I was forced to move here because I can't afford to live closer to the populated areas. I mean the rent is literally hundreds of dollars less here. I was living with my mom for 5 years and depressed as hell because of it, and realized the only place I can afford to live on my own is here, because it's so far from anything else. I have no problem driving an hour or two though, the times are just never late enough. Yes I want friends but I need adequate sleep even more, it's not safe driving when you're sleep deprived.


----------



## Jabbytoe69 (Dec 6, 2015)

Making friends is more difficult in later years he'll I'm 22 and find it hard some people can't take me loo


----------



## karibaby (Dec 31, 2013)

the only other thing I can think of is if you get to know your neighbors or have people over to your place because that would be more convenient for you.


----------



## Earth Goddess (Aug 7, 2013)

karibaby said:


> the only other thing I can think of is if you get to know your neighbors or have people over to your place because that would be more convenient for you.

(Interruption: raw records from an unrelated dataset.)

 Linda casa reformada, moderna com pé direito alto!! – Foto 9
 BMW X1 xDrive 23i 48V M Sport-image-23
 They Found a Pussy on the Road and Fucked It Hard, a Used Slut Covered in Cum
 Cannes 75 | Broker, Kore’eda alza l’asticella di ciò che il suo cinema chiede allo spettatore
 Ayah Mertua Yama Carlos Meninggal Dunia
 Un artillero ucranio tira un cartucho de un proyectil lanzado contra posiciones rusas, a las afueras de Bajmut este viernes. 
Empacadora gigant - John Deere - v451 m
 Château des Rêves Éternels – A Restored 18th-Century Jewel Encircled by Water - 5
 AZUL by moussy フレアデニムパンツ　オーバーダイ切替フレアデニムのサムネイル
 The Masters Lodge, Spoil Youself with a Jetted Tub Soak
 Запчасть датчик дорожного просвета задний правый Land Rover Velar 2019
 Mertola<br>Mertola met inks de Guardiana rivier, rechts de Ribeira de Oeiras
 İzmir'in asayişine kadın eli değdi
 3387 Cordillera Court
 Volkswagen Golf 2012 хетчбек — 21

I have met both my neighbors on either side and I don't like them, lol Nobody likes the family on one side, not even the park caretaker. They're your typical trailer trash family, I had 2 interactions with them and neither were good. On the other side is a creepy guy who I want to stay away from, his wifi password is DD-69 (think about it long enough and you'll figure it out, lol) and even if he was younger and cool, his hours are totally opposite of mine, the only time he's around is evenings when I'm working, and he goes to bed at like 9pm and I go to bed when he gets up. Thank God or he'd be over here staring at my chest all the time.


----------



## karibaby (Dec 31, 2013)

Jabbytoe69 said:


> Making friends is more difficult in later years he'll I'm 22 and find it hard some people can't take me loo


are you going to school ,working,extracurricular,hobbies?? Those are places to meet people. You don't have to love eveything about a person for them to be your friend. 22 is a really young age to say it's difficult to find friends. You have to put yourself out there and talk to people not expect people to just come up to you and talk.


----------